For the 2013 Harold Awards, we collected stories from recipients in each House about the Founders. These are their stories:
by Ed Roy (1998 recipient, House of Johnson)
“The first impression I had of Ms. Johnson when I was introduced to her in the early 1990’s, when we were both oh so very young, (and she was even younger than I) was…odd…that Kirsten Johnson is odd…her looks were odd in a post-punk-braniac-uber-nerd mash-up kind of way that made her appear to be like the nightmarish off-spring of Yolandi and Nija from the band DIE ANTWOORS (of course this band didn’t exist back then but I wanted to provide a visual reference that would resonate now). Anyway she was kind of spooky but then again so was I and so i was fascinated by her. But not only because of her looks but also because of her interest and dedication to avant-gard theatre and her work with DNA theatre. She was fearless and vital; an essential part of “the scene” and we eventually ended up working together as collaborators and co-hosts of the ground-breaking award winning collective WHITE TRASH BLUE EYES that was comprised of many early Harold Alumnists. Over the years since then I have had the delightful opportunity to see Kirsten perform in dramas and comedies (we did an improv show together) and see her use her unique oddness to great theatrical effect. Her oddness, her intelligence, her talent and her looks all blossomed into the beautiful woman and mutifaceted artist she is today and I am more than happy to say I knew her when…”

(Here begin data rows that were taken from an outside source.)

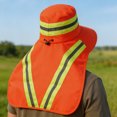 thumbnail image 4 of High Visibility Reflective Work Safety Sun Hat with Neck Flap, Wide Brim UV Protection Hat With Top Vents, Breathable Cooling Mesh for Summer Heat, 4 of 6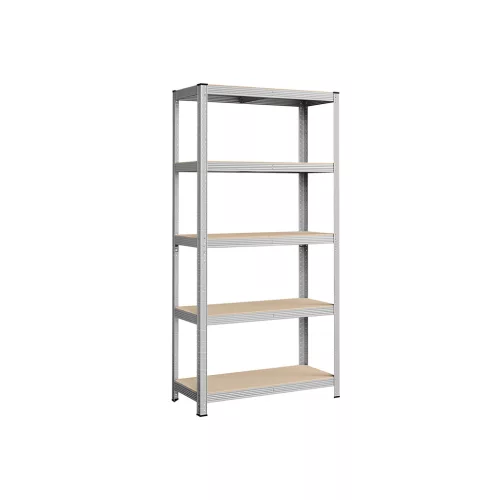 SONGMICS 5 szintes acél tárolópolc MDF polclapokkal ezüst 40 x 90 x 180 cm szerszám nélküli összeszerelés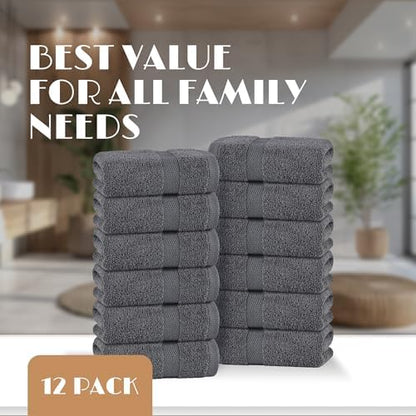 Wealuxe Dark Gray Washcloths - Image 4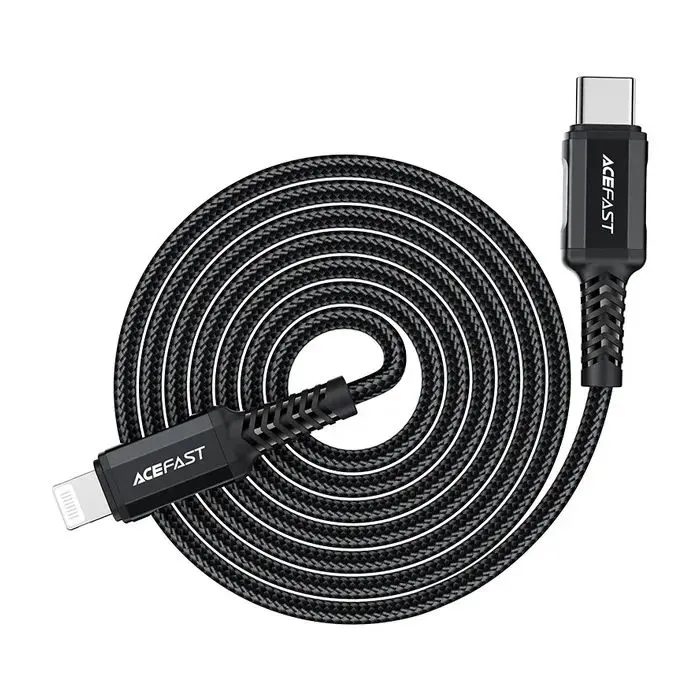 Дата кабель USB-C to Lightning 1.8m 30W 3A nylon black Acefast (6974316281306) изображение 4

“There are too many recipients from the HOUSE OF LUTHER HANSRAJ to mention who have praised him as a trailblazer in one way or another as actor, director, stage manager and production manager. Luther Hansraj began his career with Black Theatre Canada and has gone on to bring his particular brand of magic to the Netherlands, Taiwan, Hong Kong and the USA where he was given a citation from the House of Representatives. He was one of the first recipients of an African-Canadian Achievement Award. Since 1997, Luther has also been touring schools as an actor, worship leader, trainer and mentor.”
by Barbara Fingerote (2002 recipient, House of O’Donnell)

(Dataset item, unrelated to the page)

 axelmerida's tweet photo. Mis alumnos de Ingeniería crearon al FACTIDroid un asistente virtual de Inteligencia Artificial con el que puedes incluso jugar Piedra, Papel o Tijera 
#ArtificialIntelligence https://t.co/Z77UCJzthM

“Darren O’Donnell is the very definition of alternative and independent theatre. His creativity knows no bounds. He is also a very sweet, thoughtful and lovely person. He has also done lots of amazing work with young people. Productions such as BOXHEAD and HAIRCUTS FOR CHILDREN are just two of his creations that have impressed me to no end.”

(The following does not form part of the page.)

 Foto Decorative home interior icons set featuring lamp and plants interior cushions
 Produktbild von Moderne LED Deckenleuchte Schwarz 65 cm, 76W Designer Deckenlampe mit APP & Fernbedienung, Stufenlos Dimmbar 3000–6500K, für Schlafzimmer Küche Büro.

by David Ferry (2007 recipient, House of Taylor)
“In typical Harold style, I was on my way home from the Harold Awards (early filming day to get to bed for) when my predecessor called and yelled “Where the fuck are you!! I just gave you a Harold!” The Harolds truly came out of the second wave of alternative Toronto theatre …the neo-alts, and was a reaction to the Doras which had already become seen as too glitzy and mainstream. they did not reflect the grunge aesthetic (and i mean Grunge in the larger artistic sense) of the times. As with the famous Rolling Stones concert at the El Macombo back in the day, one should distrust a great deal of folks who claim they were at the first Harolds . Deanne Taylor is one of the canniest Renaissance artists I have come across in Toronto. She has truly been a force in non-traditional production. One of my strongest images of her comes from her work singing with and running the mayoral campaign for pop-feminist/alternative music group THE HUMMER SISTERS. She was campaign manager for these terrific actor/singers- Janet Burke/Jenny Dean/Marion Lewisand Deanne herself) and ran the campaign like a theatre production…the Sisters came in second in the mayor race in terms of votes…..and I remember their song “I’ve Got A Wide On For You”. Deann’s work in establishing VIDEO CABARET was ground-breaking not to mention her work with partner Michael on his history cycle. How many examples can we name of successful and artistically exciting theatre work in Toronto that gets remounted again and again. I put that down to Deann’s extraordinary will and skill as a producer.”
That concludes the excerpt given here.